Below are the preferred installation methods for specific distros. If you are running something else, please see Installing From Source.

Installing From Source

First, you need to install all of Qtile’s dependencies (although some are optional/not needed depending on your Python version, as noted below).

Note that Python 3 versions 3.5 and newer are currently supported and tested, including corresponding PyPy3 versions.

xcffib

Qtile uses xcffib as an XCB binding, which has its own instructions for building from source. However, if you’d like to skip building it, you can install its dependencies, you will need libxcb and libffi with the associated headers (libxcb-render0-dev and libffi-dev on Ubuntu), and install it via PyPI:

pip install xcffib

cairocffi

Qtile uses cairocffi with XCB support via xcffib. You’ll need libcairo2, the underlying library used by the binding. You should be sure before you install cairocffi that xcffib has been installed, otherwise the needed cairo-xcb bindings will not be built. Once you’ve got the dependencies installed, you can use the latest version on PyPI:

pip install --no-cache-dir cairocffi

pangocairo

You’ll also need libpangocairo, which on Ubuntu can be installed via sudo apt-get install libpangocairo-1.0-0. Qtile uses this to provide text rendering (and binds directly to it via cffi with a small in-tree binding).

dbus/gobject

Until someone comes along and writes an asyncio-based dbus library, qtile will depend on python-dbus to interact with dbus. This means that if you want to use things like notification daemon or mpris widgets, you’ll need to install python-gobject and python-dbus. Qtile will run fine without these, although it will emit a warning that some things won’t work.

Qtile

With the dependencies in place, you can now install qtile:

git clone git://github.com/qtile/qtile.git
cd qtile
pip install .

Stable versions of Qtile can be installed from PyPI:

pip install qtile

As long as the necessary libraries are in place, this can be done at any point, however, it is recommended that you first install xcffib to ensure the cairo-xcb bindings are built (see above).
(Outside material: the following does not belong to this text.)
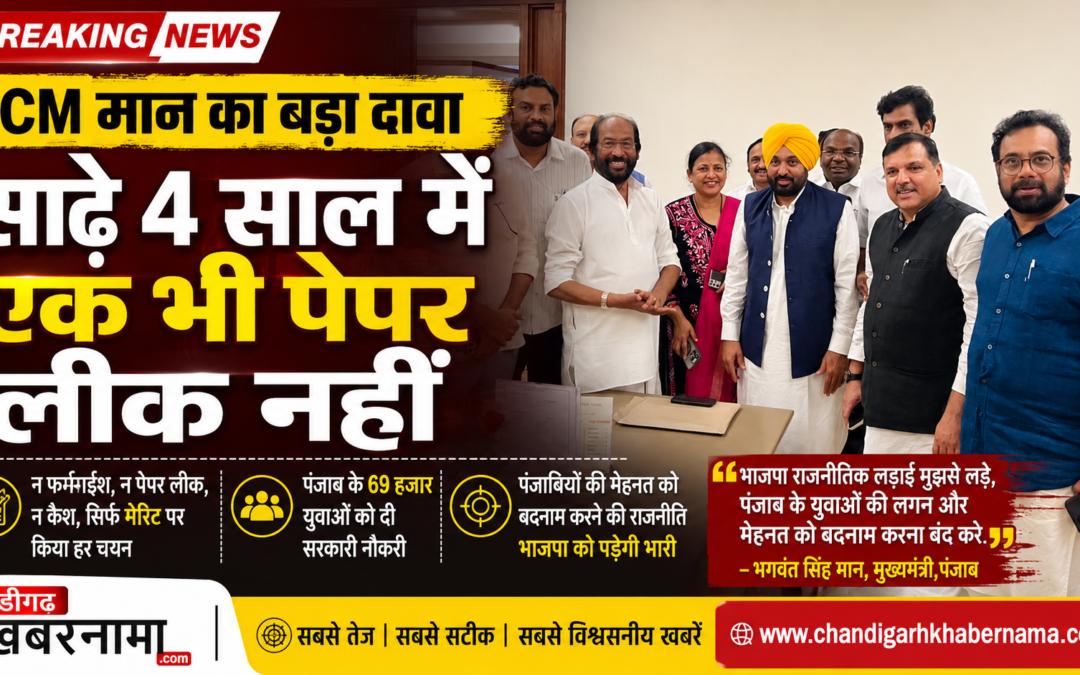 ‘न कैश, न पेपर लीक, सिर्फ मेरिट’— मुख्यमंत्री भगवंत सिंह मान का विपक्ष पर बड़ा हमला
The above steps are sufficient to run Qtile directly, but there are some extra works if you want to run it within a virtualenv. Here are the steps on a Fedora system for user foo, it should work on other Linux systems too.

  1. Clone the repo as ~/local/qtile/.

    mkdir -p ~/local/
    cd ~/local/
    git clone git://github.com/qtile/qtile.git
    
  2. Create a virtualenv ~/local/qtile/venv/, and install the dependencies there (see above).

  3. Create a glue shell to take advantage of the virtualenv.

    cat > /home/foo/local/qtile/qtile-venv-entry <<EOF
    #!/bin/bash
    
    source ~/local/qtile/venv/bin/activate
    python ~/local/qtile/bin/qtile $*
    EOF
    
  4. Create an xsession file. Note that it can only be used to log in as user foo due to file system permission restriction.

    cat > /usr/share/xsessions/qtile-venv.desktop <<EOF
    [Desktop Entry]
    Name=Qtile(venv)
    Comment=Qtile Session Within Venv
    Exec=/home/foo/local/qtile/qtile-venv-entry
    Type=Application
    Keywords=wm;tiling
    EOF
    
  5. Log out or reboot your system, then select “Qtile(venv)” as your window manager by clicking the gear icon (⚙) when logging in again.